The irony is impossible to ignore.
The world celebrates coffee, but rarely celebrates the people who grow it. Walk into any modern café and you’ll see words like ethical, fair, organic, sustainable, and responsibly sourced. These are important ideals, and certification programmes have undoubtedly helped improve farming practices and opened doors to certain markets. But there is another side of the story that deserves equal attention. For many smallholder farmers, obtaining these certifications is expensive. They may have to pay for inspections, maintain extensive records, invest in infrastructure, adopt new practices, and undergo regular audits—all before they see any meaningful financial return. For families already surviving on narrow margins, these costs can be significant. Meanwhile, in consuming countries, those same certifications become powerful marketing tools. They reassure consumers, strengthen brand identity, and often justify higher retail prices. They allow businesses—and sometimes consumers—to feel that they are contributing to a better world. But feeling ethical and creating economic justice are not always the same thing. If sustainability asks the poorest participant in the supply chain to shoulder the greatest financial burden, then the conversation is incomplete. True sustainability should not only protect forests and biodiversity. It should protect livelihoods. It should mean that a coffee farmer can earn enough to educate their children, invest in better farming, withstand climate change, and remain in agriculture without depending on debt or charity. It should recognise that producing exceptional coffee requires expertise developed over generations—not simply inexpensive labour. The global coffee industry often speaks about traceability. Perhaps it is time we trace something else: the value.
Who grows the coffee? Who takes the risks? Who captures the profits?
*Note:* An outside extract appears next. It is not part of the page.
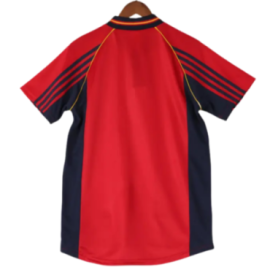 Spain 1998 Retro Home Jersey Men's World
Until these questions are answered more fairly, the story of coffee remains unfinished. As consumers, we are not powerless. Every purchase is a vote for the kind of coffee industry we want to support. Buying from transparent roasters, encouraging direct and long-term relationships with producers, paying prices that reflect quality rather than exploitation, and asking where the money goes are small but meaningful steps. Coffee is not merely a beverage. It is the work of millions of hands, families, and communities across the world’s coffee belt. The next time we celebrate coffee, perhaps we should celebrate the farmer first.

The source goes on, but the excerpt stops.